In late 1970s MTS invented the tuned mass damper, to stop skyscrapers swaying in the wind. The first building to use this technology was the 70-storey John Hancock Tower in Boston. MTS installed two 300-ton lead weights near the top of the tower, which were attached to the building by springs and shock absorbers. These slide this way and that on a lubricated steel plate to counteract swaying motions created by the wind.
While preparing for the 2005 F1 championship the Renault team ran into instability problems with its car, which got Tuluie thinking…

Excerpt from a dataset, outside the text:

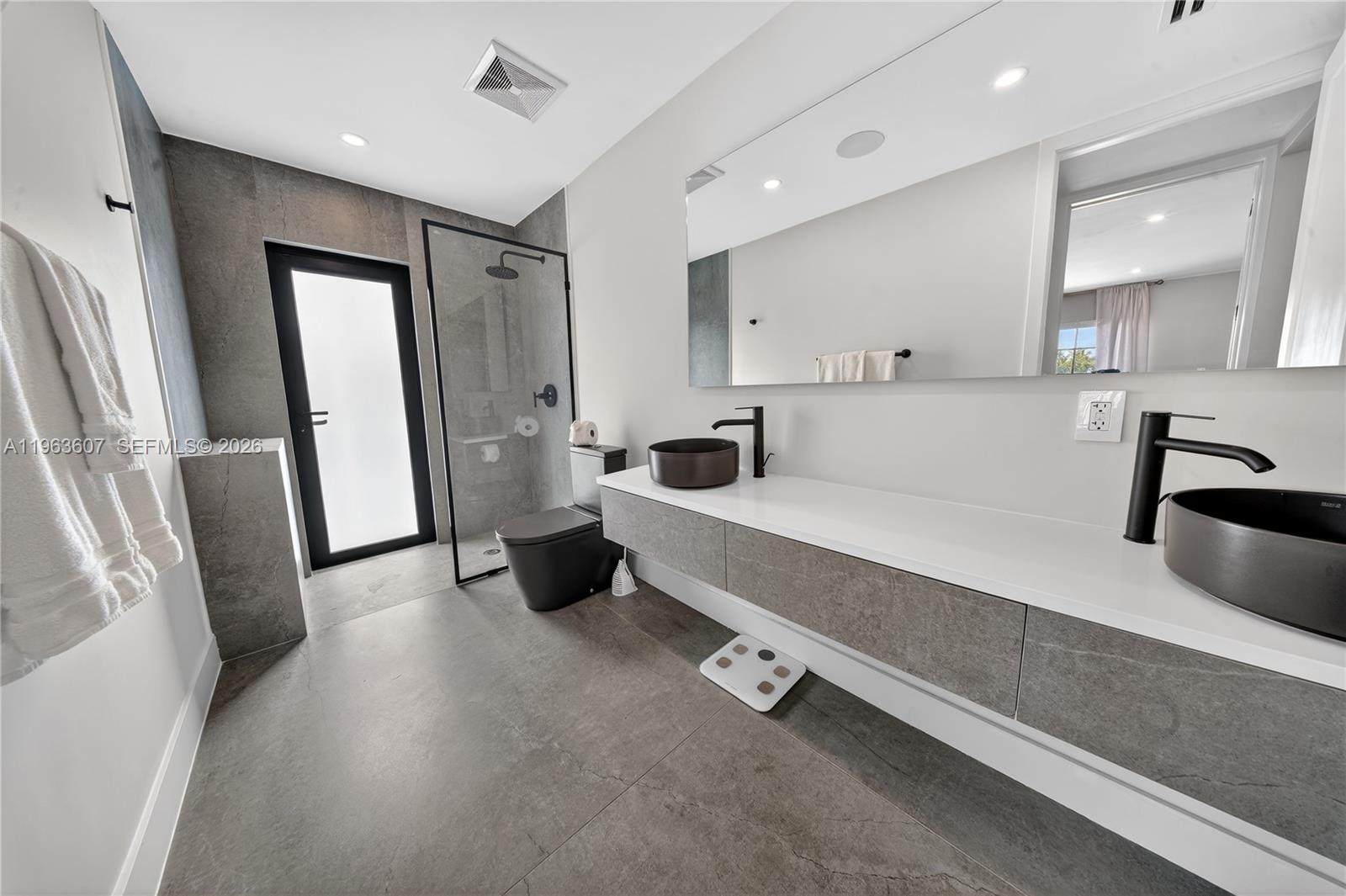 CORAL RIDGE COUNTRY CLUB - Residential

“Dino Toso [the team’s head of aerodynamics] called me about a wind-tunnel instability issue,” he recalls. “The car bounced laterally and yawed a bit as it was getting up to speed. I looked at this and said, ‘Oh, it’s just like a building in the wind – we need a tuned mass damper.’
“I knew that because of Neil Peterson, a really phenomenal engineer at MTS. When you walked into his office there was this model of a building with a tuned mass damper, the John Hancock Tower.
“We created a little simulation model [of Tuluie’s F1 mass damper], utterly basic, just to reproduce it, and optimised the positioning. It made its way into the wind-tunnel and the car was just fantastic. It solved the problem. Then Bob Bell [Renault’s F1 technical director] walks into my office, sits down and says, ‘Do you think you can make it work in the car?’.
“It was a question not of legality, but would it work in the car and will it help? So we turned it sideways, so not for yaw but for pitch, put it in the nose on the seven-poster car [a simulator system]. It was three-tenths of a second a lap quicker!”
Tuluie’s computer simulation techniques are so advanced that his mass damper was just as successful on the race track as it had been inside Renault’s computers. And any technology that can magic three-tenths of a second out of nowhere is pure gold, so there’s no doubt that his mass damper helped Renault win the 2005 F1 crown.